Winter reads: librarians use this term to refer to cozy, engaging books, suitable for consumption with a cup of tea or hot chocolate. But winter isn't always cozy. Sometimes it howls and knocks us down. Those of us afflicted, as I have been, with the plague sweeping our community, would prefer something more in tune with a fevered brow and a congestion-clogged brain: something with a bit of an edge, yet still accessible to a weakened spirit and flickering consciousness.


My first choice came to me through my book club. I began it begrudgingly, but Matthew Pearl's "The Dante Club" turned out to be a perfect match for my low condition, a macabre thriller of fiery imagination run amok.

In October 1865 Cambridge, Henry Wadsworth Longfellow, Oliver Wendell Holmes, James Russell Lowell and publisher J.T. Fields are working on the first American translation of Dante's "The Divine Comedy." The Harvard administration, though, is passionately against this project, considering it a potentially dangerous introduction of "foreign superstition" into America.

The scholars are pressing bravely on when a horrific and inexplicable murder takes the life of a Boston judge.
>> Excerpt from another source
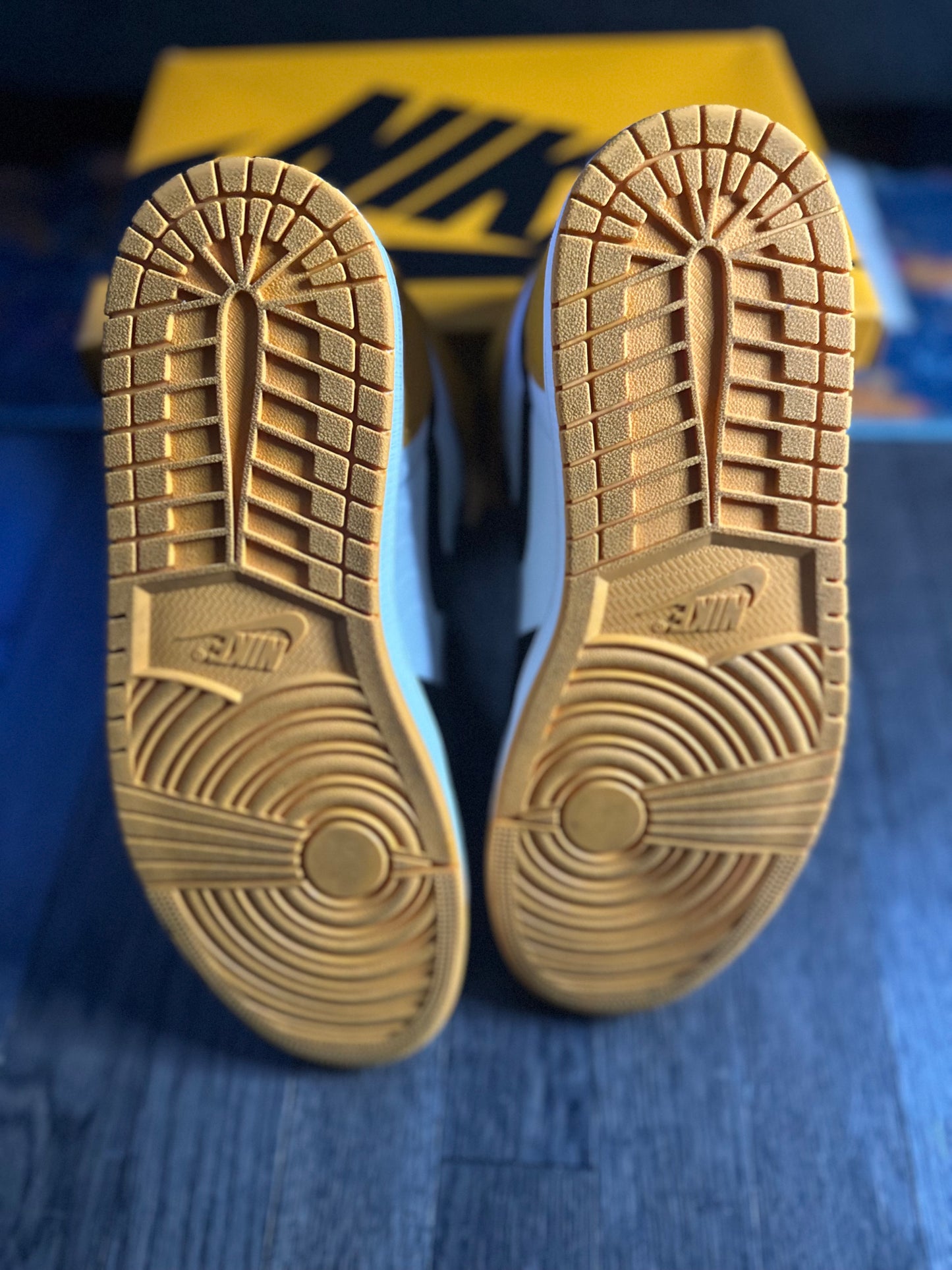 Jordan 1 Retro High OG “Taxi”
Then a popular Unitarian minister is killed. Holmes realizes that someone is using Dante's "Inferno" as a model for murder, someone who must have access to their work. The poets are transformed into sleuths in a deadly race to save the lives of Boston's elite, the reputation of Dante Alighieri and their own translation.

Matthew Pearl's love for literature and his historical characters is evident, as is the depth of scholarship underpinning his completely fictional murder mystery. Since "The Dante Club" he has written two more novels, one featuring Edgar Allan Poe and one Charles Dickens, where, once again, "the right way had been lost."

"The Dante Club" might put film buffs in mind of "Se7en," but it made me think of an old favorite, "Death and the Penguin" by Andrey Kurkov. Set in Kiev, this tells the story of Viktor, a down-and-out journalist and his penguin. Misha came to live in Viktor's flat when the cash-strapped zoo started giving hungry creatures away to anyone willing to feed them.

Viktor took Misha out of loneliness but discovers that Misha has a loneliness all his own, and the flat now houses "two complementary lonelinesses" rather than true companions. Viktor worries that Misha seems sad, but he has his own problems. Visits from the muse are infrequent and brief, and he despairs of ever having his work published.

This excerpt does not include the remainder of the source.